Michael Moore, et le fantôme de Guy Mollet
Daniel Schneidermann - - Le matinaute - 54 commentaires Télécharger la videoTélécharger la version audio
Terrible pouvoir, que celui d'oser nommer les choses, et marquer les moments.
C'est
Michael Moore, le gros à casquette, qui s'y colle, dans sa lettre
ouverte à Obama, écrite et adressée avant la décision d'envoyer en
Afghanistan 30 000 soldats supplémentaires. "Voulez-vous
vraiment être le nouveau «président guerrier»? Si vous vous rendez à
l'académie militaire ce samedi soir et annoncez que vous allez
augmenter, au lieu de diminuer, les troupes en Afghanistan, vous serez
le nouveau président guerrier. Purement et simplement. En faisant ça,
vous ferez la pire chose possible: détruire les espoirs et les rêves
que des millions de personnes ont placés en vous. En un seul discours
mardi soir, vous pouvez faire de cette multitude de jeunes gens, qui
étaient la colonne vertébrale de votre campagne, des cyniques
désillusionnés. Vous leur apprendrez que ce qu'ils ont toujours entendu
est bel et bien vrai: tous les hommes politiques sont pareils. Je ne
peux juste pas croire que vous êtes sur le point de faire ce que les
gens disent que vous allez dire. S'il vous plaît, dites que ce n'est
pas comme ça" (le texte intégral, traduit en français, est ici). |
Pourquoi sont-ils si rares, à oser ainsi nommer les choses ? Dans la décision d'Obama, tout nous crie les désastres futurs. Le cœur, la raison, les souvenirs, les comparaisons, dessinent le même cataclysme. Mais tout se passe comme si cette évidence était trop déchirante, pour que nous la regardions en face. Nous cherchons donc des excuses à Obama. Nous nous disons : c'est trop gros pour que ce soit vraiment ce que ça semble être. Nous nous raccrochons à des brindilles : la date de début de retrait des troupes, les conditions ("très fermes") posées au président afghan, etc.

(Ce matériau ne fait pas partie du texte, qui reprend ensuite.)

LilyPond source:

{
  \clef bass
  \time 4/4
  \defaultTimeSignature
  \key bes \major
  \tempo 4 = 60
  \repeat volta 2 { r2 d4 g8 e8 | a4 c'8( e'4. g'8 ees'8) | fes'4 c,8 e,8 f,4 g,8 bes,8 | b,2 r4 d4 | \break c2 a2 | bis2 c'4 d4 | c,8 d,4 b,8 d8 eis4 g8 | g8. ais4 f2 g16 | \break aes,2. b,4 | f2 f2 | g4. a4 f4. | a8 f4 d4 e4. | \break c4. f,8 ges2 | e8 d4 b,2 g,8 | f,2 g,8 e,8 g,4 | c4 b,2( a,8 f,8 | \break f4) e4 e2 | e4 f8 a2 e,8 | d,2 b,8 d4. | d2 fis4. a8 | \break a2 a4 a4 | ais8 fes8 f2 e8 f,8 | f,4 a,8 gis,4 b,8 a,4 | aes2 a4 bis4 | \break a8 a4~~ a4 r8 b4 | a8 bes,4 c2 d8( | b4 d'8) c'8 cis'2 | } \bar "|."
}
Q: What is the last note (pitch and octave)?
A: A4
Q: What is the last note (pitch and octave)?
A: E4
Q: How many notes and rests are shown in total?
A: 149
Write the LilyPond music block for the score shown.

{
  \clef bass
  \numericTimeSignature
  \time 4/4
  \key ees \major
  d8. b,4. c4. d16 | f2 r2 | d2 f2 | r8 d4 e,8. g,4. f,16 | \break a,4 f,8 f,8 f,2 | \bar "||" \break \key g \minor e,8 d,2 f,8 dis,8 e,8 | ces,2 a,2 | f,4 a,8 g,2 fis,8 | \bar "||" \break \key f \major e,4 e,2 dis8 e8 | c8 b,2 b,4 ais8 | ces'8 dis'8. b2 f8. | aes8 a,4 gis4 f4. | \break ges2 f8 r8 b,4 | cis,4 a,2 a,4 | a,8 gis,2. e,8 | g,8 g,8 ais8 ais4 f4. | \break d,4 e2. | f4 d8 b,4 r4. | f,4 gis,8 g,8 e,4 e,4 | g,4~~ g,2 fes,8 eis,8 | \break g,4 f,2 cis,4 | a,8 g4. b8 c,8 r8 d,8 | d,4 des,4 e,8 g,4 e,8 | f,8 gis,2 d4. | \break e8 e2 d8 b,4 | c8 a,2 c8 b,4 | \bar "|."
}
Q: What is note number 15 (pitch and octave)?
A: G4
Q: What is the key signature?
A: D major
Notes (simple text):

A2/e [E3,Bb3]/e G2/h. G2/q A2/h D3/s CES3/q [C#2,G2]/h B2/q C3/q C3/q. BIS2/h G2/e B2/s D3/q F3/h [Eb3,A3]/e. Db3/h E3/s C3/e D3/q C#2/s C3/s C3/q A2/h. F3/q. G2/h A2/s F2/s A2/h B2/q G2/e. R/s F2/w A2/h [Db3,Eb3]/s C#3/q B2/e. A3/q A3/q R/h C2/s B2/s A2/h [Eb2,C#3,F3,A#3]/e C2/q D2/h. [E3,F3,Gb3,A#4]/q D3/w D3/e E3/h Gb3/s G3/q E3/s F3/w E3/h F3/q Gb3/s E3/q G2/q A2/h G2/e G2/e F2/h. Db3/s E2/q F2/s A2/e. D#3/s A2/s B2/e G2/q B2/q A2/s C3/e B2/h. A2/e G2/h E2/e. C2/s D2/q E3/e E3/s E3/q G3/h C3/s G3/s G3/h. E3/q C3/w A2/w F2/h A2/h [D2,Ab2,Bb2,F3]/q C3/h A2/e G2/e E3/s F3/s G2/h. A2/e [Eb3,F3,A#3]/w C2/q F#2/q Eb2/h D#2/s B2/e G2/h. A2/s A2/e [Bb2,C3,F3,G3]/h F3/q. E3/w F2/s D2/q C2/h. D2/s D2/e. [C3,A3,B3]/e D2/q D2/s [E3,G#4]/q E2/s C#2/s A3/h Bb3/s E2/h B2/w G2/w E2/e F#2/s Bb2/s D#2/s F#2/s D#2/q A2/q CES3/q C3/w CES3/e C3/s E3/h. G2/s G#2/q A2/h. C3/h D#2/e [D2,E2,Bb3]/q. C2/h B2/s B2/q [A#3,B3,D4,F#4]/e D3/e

Nous chassons aussi les souvenirs qui nous assaillent. Ici en France, par exemple, nous chassons le souvenir de ce dirigeant socialiste nommé Guy Mollet, arrivé au pouvoir en 1956 sur un programme de "paix en Algérie", et qui, accueilli à coups de tomates par les ultras d'Alger, restera comme celui qui envoya le contingent en Algérie, installant durablement la France dans une guerre meurtrière. Nous chassons ces fantômes, qu'il y a sans doute mille raisons de chasser. Mais ils sont insistants.